DJ‐1 is a protein with anti‐oxidative stress and anti‐apoptotic properties that is abundantly expressed in reactive CNS astrocytes in chronic neurodegenerative disorders such as Parkinson's disease (PD), Alzheimer's disease (AD), and Pick's disease. Genetic mutations which eliminate DJ‐1 expression in humans are sufficient to produce an early‐onset form of familial PD, PARK7, suggesting that DJ‐1 is a critical component of the neuroprotective arsenal of the brain.
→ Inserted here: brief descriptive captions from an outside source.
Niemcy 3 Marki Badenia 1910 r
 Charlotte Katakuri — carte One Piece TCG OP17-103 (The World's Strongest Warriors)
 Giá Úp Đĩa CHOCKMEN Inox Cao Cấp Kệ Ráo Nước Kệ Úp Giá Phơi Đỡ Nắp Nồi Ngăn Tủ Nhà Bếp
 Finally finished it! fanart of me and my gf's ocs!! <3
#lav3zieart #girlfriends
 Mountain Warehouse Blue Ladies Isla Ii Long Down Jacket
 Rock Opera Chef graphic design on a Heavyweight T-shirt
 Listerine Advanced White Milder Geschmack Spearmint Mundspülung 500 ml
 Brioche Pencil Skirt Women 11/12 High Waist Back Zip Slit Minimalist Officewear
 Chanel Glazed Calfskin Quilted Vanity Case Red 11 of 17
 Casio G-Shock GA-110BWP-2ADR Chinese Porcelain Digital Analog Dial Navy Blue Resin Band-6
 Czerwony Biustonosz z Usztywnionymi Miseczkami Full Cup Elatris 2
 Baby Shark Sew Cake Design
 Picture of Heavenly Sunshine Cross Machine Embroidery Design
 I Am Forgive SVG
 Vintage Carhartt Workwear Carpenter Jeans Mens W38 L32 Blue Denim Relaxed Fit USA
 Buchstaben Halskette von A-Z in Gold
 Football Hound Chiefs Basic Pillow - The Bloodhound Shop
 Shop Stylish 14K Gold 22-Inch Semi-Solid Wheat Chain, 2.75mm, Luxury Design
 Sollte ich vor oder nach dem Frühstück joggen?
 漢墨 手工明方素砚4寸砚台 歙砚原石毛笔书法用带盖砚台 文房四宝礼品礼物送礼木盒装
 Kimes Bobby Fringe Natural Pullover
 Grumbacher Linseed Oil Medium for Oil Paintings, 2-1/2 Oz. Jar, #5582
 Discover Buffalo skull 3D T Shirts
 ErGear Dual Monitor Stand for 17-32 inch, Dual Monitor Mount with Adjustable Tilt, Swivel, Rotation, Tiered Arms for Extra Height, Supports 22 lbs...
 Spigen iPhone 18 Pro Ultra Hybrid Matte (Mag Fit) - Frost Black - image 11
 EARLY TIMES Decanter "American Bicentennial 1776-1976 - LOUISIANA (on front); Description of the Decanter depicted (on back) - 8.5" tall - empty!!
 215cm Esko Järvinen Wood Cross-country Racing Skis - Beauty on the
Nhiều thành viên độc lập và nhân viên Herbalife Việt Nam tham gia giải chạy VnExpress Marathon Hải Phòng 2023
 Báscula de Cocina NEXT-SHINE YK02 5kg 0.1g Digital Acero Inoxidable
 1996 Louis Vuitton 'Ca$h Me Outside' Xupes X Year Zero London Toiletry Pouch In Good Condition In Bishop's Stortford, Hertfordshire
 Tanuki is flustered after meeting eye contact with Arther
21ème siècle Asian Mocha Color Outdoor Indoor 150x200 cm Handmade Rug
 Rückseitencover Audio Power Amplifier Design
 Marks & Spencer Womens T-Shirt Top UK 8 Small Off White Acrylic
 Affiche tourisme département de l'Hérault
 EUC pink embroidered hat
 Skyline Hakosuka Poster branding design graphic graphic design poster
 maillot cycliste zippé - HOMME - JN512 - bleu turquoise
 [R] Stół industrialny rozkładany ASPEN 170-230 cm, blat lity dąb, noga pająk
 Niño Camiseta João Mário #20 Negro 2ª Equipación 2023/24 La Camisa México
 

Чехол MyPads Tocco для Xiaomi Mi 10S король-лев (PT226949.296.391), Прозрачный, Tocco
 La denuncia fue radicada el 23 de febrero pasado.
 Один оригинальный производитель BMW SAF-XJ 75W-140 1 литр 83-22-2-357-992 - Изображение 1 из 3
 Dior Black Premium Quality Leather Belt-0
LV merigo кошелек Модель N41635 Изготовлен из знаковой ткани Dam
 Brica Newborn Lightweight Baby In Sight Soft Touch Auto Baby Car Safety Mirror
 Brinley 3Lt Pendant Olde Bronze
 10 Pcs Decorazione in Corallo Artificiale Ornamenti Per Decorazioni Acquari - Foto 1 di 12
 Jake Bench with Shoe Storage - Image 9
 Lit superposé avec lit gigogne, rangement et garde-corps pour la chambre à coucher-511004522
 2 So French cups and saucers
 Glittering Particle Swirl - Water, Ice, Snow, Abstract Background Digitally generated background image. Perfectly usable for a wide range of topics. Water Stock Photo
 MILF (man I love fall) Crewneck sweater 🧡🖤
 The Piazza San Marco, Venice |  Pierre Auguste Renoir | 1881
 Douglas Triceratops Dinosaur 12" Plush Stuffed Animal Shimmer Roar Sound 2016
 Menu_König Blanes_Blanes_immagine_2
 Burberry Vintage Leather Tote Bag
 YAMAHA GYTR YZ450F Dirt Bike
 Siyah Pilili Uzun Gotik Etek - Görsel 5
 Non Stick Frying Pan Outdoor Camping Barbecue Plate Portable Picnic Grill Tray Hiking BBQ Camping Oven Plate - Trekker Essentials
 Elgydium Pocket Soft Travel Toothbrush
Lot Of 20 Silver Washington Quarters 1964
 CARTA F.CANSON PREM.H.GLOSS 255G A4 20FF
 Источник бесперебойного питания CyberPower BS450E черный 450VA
Previous studies in parkinsonism/dementia brain tissues have revealed that reactive astrocytes within and surrounding incidentally identified infarcts were often robustly immunoreactive for DJ‐1, especially if the infarcts showed histological features consistent with older age. Given this, we sought to evaluate astrocytic DJ‐1 expression in human stroke more extensively, and with a particular emphasis on determining whether immunohistochemical DJ‐1 expression in astrocytes correlates with histological infarct age. The studies presented here show that DJ‐1 is abundantly expressed in reactive infarct region astrocytes in both gray and white matter, that subacute and chronic infarct region astrocytes are much more robustly DJ‐1+ than are acute infarct and non‐infarct region astrocytes, and that DJ‐1 staining intensity in astrocytes generally correlates with that of the reactive astrocyte marker GFAP. Confocal imaging of DJ‐1 and GFAP dual‐labelled human brain sections were used to confirm the localization to and expression of DJ‐1 in astrocytes. Neuronal DJ‐1 staining was minimal under all infarct and non‐infarct conditions. Our data support the conclusion that the major cellular DJ‐1 response to stroke in the human brain is astrocytic, and that there is a temporal correlation between DJ‐1 expression in these cells and advanced infarct age.